= Beginning of Section =

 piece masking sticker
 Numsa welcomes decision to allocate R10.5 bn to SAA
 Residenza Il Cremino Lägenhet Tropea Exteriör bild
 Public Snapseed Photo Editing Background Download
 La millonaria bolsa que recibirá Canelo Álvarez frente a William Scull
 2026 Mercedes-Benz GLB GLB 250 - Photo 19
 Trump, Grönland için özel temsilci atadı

= End of Section =
= Beginning of Section =

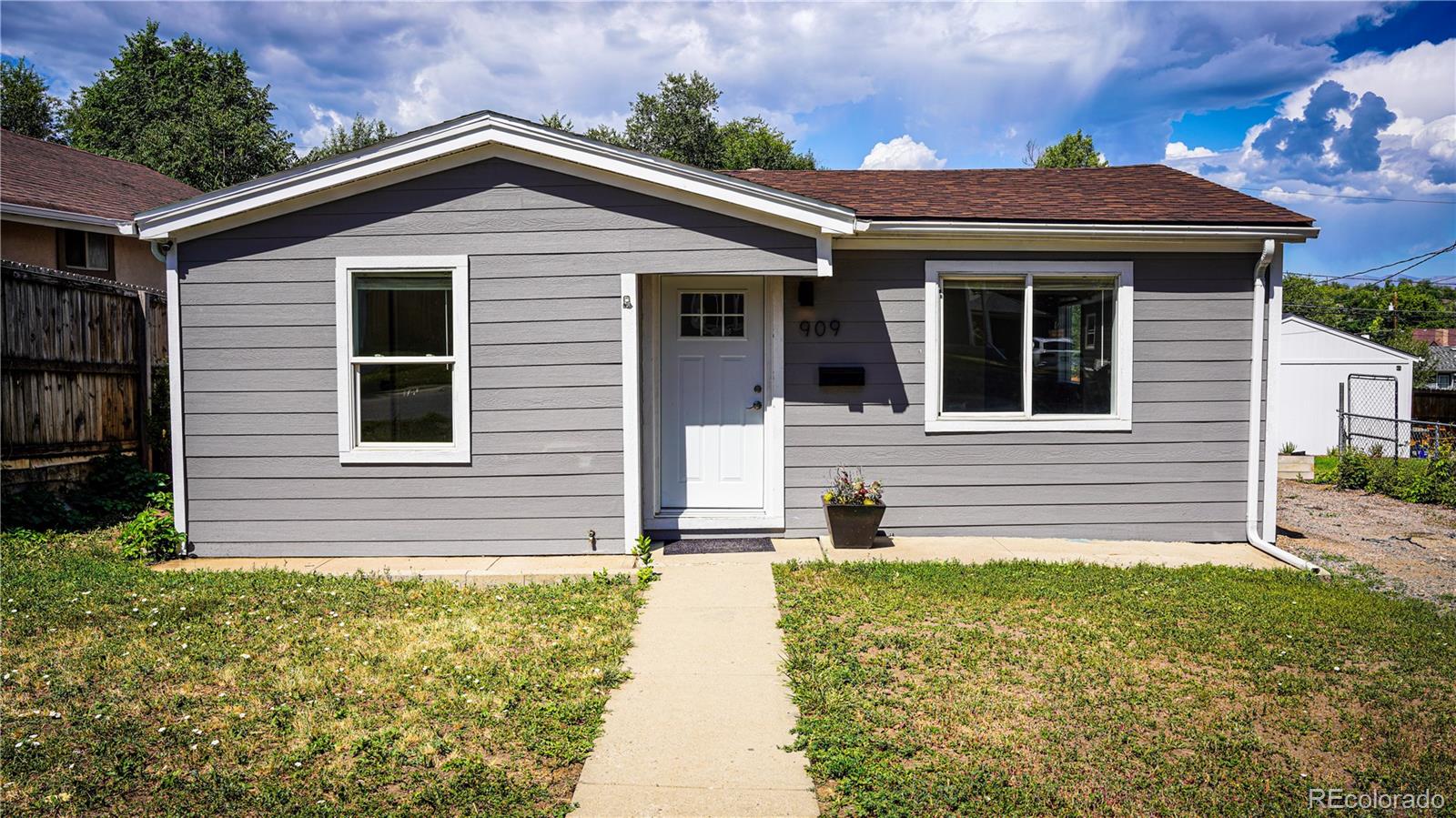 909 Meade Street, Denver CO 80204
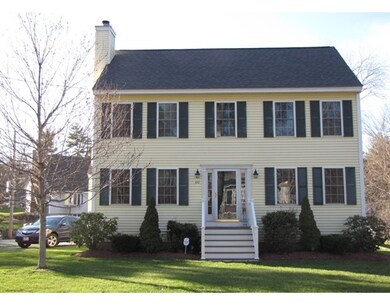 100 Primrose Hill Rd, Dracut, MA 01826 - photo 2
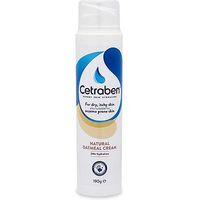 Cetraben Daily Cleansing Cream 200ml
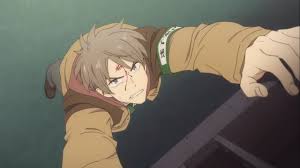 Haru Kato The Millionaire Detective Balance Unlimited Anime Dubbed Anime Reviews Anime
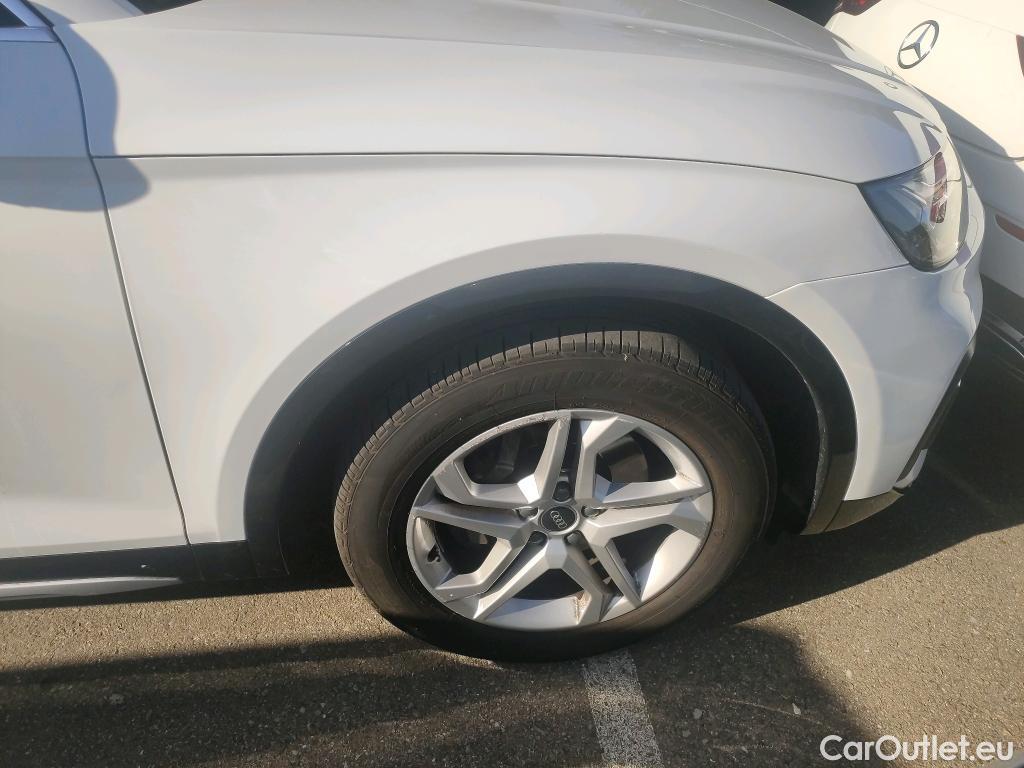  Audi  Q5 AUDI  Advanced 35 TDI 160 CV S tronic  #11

= End of Section =
= Beginning of Section =

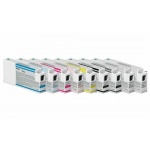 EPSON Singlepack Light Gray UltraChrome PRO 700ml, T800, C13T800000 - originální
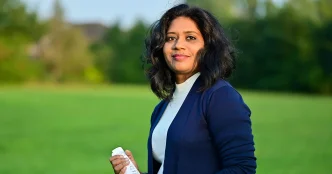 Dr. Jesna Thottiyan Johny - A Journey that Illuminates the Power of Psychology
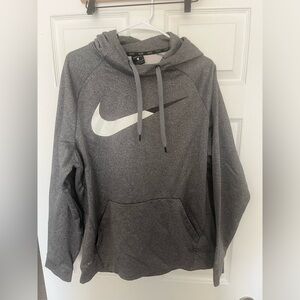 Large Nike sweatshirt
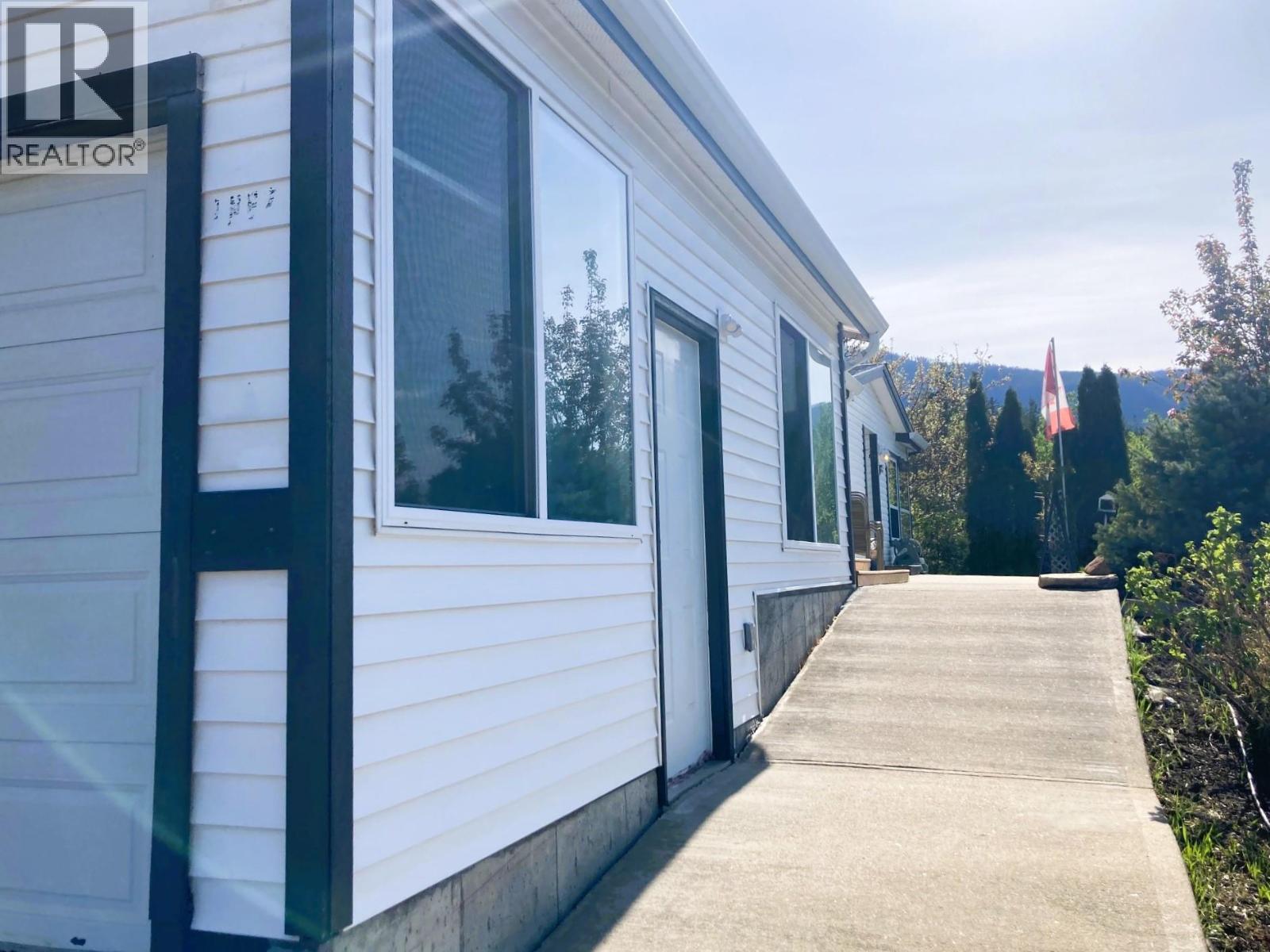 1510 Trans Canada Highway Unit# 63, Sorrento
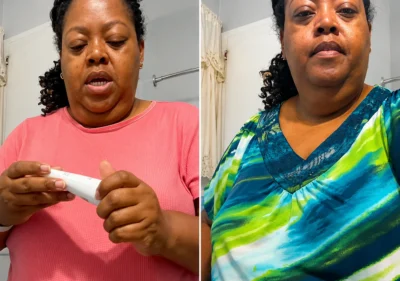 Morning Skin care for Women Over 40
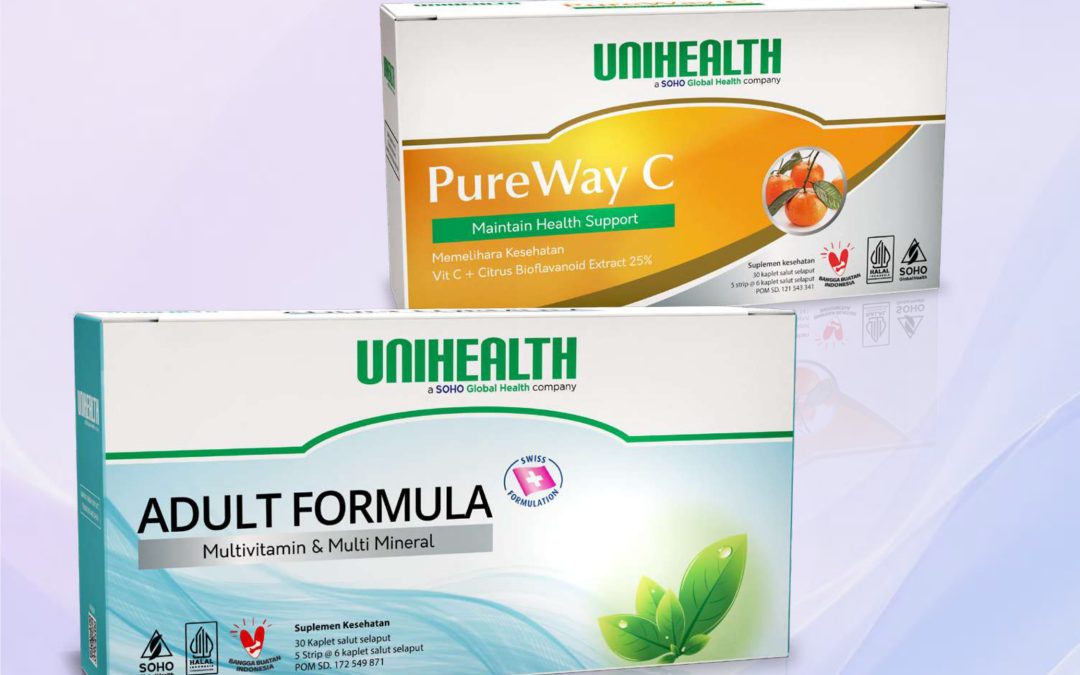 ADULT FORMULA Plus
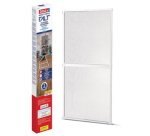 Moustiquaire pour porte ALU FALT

= End of Section =

Task directions: Word for word, write out the lines above running from the one with "1510 Trans Canada Highway Unit# 63, Sorrento" up to and including the one with "Moustiquaire pour porte ALU FALT". Drop any picture.

Written response:
 1510 Trans Canada Highway Unit# 63, Sorrento
 Morning Skin care for Women Over 40
 ADULT FORMULA Plus
 Moustiquaire pour porte ALU FALT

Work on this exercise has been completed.